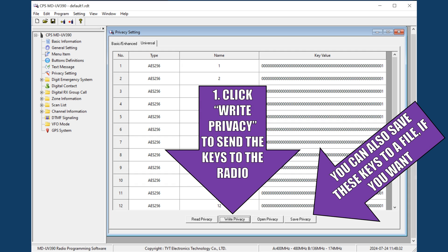Note that this is separate from writing the settings to your radio. You will still need to click Write to Radio at the end to push all of your settings and channel data to the radio. This step just handles the encryption keys. If you wish, you can click Save Privacy to save a file with your encryption keys in it. However, just note that if anyone gets this file, they can potentially decrypt your radio traffic, so make sure to save this file on a safe and secure system.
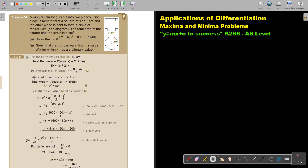Now we want to maximize the area. The area of the square is x times x, and the area of the circle is πr². Substitute equation 1 into equation 2 in the place of r.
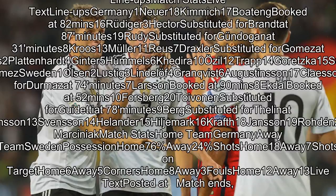Sweden lineup: 1 Olsen, 2 Lustig, 3 Lindlöf, 4 Granqvist, 6 Augustinsson, 17 Claesson (substituted for Dermes at 74 min), 7 Larsson (booked at 90 min), 8 Ekdal (booked at 52 min), 10 Forsberg, 20 Toivonen (substituted for Guidetti at 78 min), 9 Berg (substituted for Thelen at 90 min).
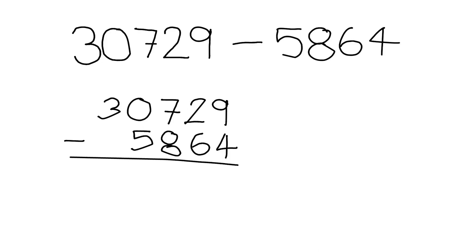Quick reminder of column subtraction. If we want to do a calculation like this using column subtraction, we line them up underneath each other with units under units, tens under tens, etc., and we start from the right. 9 minus 4 gives us 5.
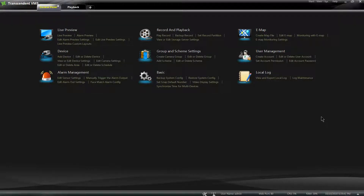In this section I am going to be going over the live preview. I am going to be skipping alarm preview since I do not have a camera or MBR set for alarms, so I'm just going to be going over how to set live previews and live custom layouts.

- **Exercise prompt**
Repeat the material exactly as it reads, without any of its pictures.

- **Output of the task**
Note that this is separate from writing the settings to your radio. You will still need to click Write to Radio at the end to push all of your settings and channel data to the radio. This step just handles the encryption keys. If you wish, you can click Save Privacy to save a file with your encryption keys in it. However, just note that if anyone gets this file, they can potentially decrypt your radio traffic, so make sure to save this file on a safe and secure system.
Now we want to maximize the area. The area of the square is x times x, and the area of the circle is πr². Substitute equation 1 into equation 2 in the place of r.
Sweden lineup: 1 Olsen, 2 Lustig, 3 Lindlöf, 4 Granqvist, 6 Augustinsson, 17 Claesson (substituted for Dermes at 74 min), 7 Larsson (booked at 90 min), 8 Ekdal (booked at 52 min), 10 Forsberg, 20 Toivonen (substituted for Guidetti at 78 min), 9 Berg (substituted for Thelen at 90 min).
Quick reminder of column subtraction. If we want to do a calculation like this using column subtraction, we line them up underneath each other with units under units, tens under tens, etc., and we start from the right. 9 minus 4 gives us 5.
In this section I am going to be going over the live preview. I am going to be skipping alarm preview since I do not have a camera or MBR set for alarms, so I'm just going to be going over how to set live previews and live custom layouts.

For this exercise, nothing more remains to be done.